■ **YOUR OBJECTIVE**
Skip the pictures and restate, word for word, the lines from the one containing "Smiling yellow emoji" to the end of the data below.

■ **DATA BLOCK**
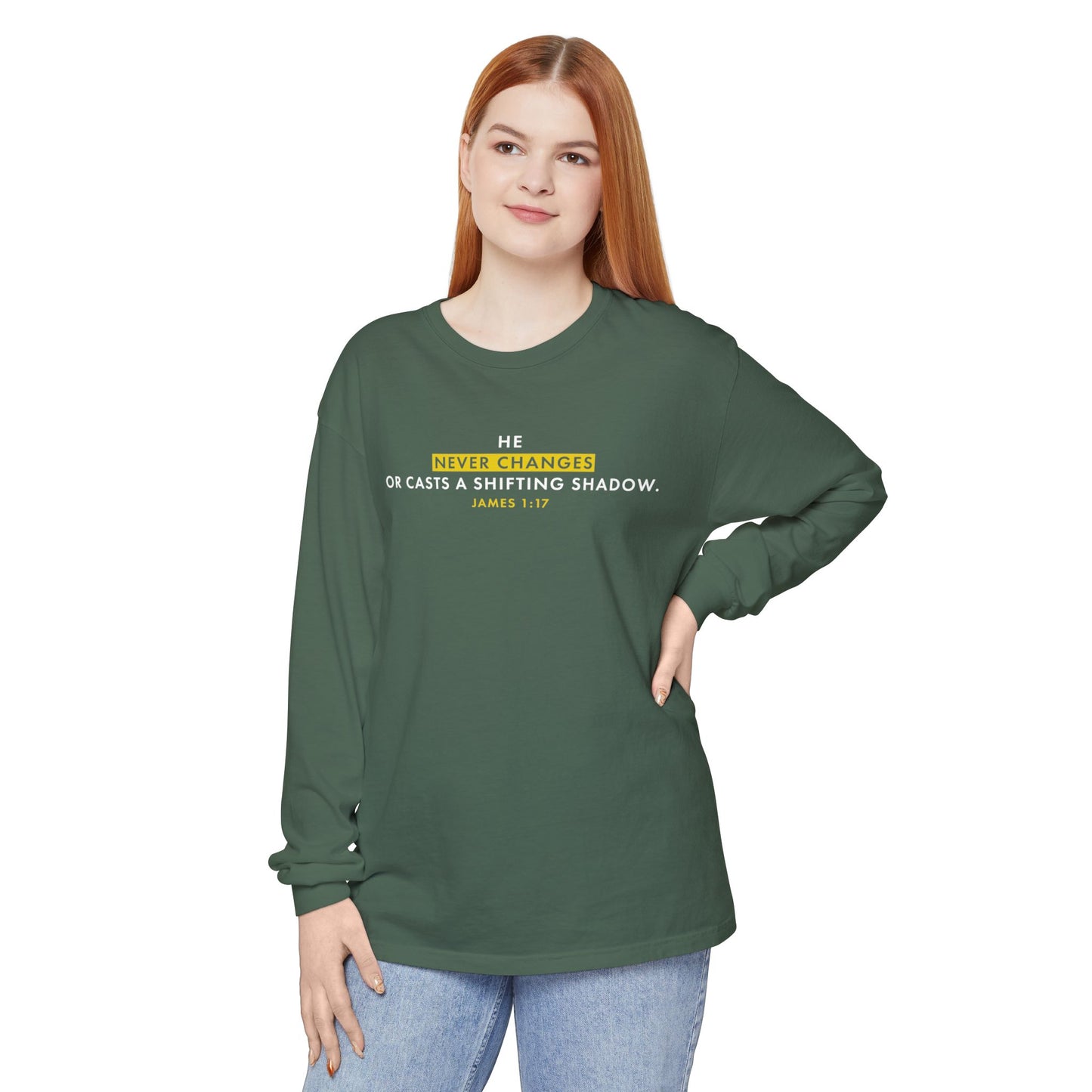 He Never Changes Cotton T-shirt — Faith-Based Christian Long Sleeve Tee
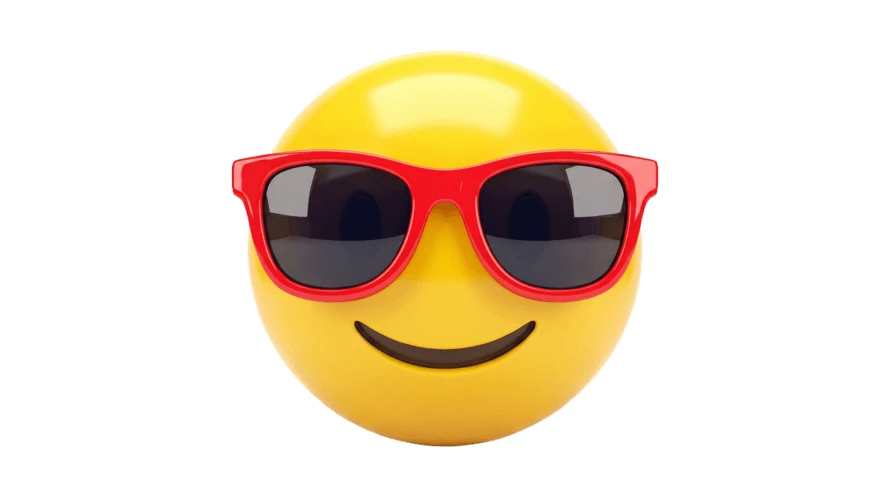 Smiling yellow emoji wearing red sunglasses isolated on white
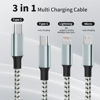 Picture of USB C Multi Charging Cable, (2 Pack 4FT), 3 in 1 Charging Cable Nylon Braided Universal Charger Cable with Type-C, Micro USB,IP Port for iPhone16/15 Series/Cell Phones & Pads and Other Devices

■ **SOLUTION FOR THIS EXERCISE**
 Smiling yellow emoji wearing red sunglasses isolated on white
 Picture of USB C Multi Charging Cable, (2 Pack 4FT), 3 in 1 Charging Cable Nylon Braided Universal Charger Cable with Type-C, Micro USB,IP Port for iPhone16/15 Series/Cell Phones & Pads and Other Devices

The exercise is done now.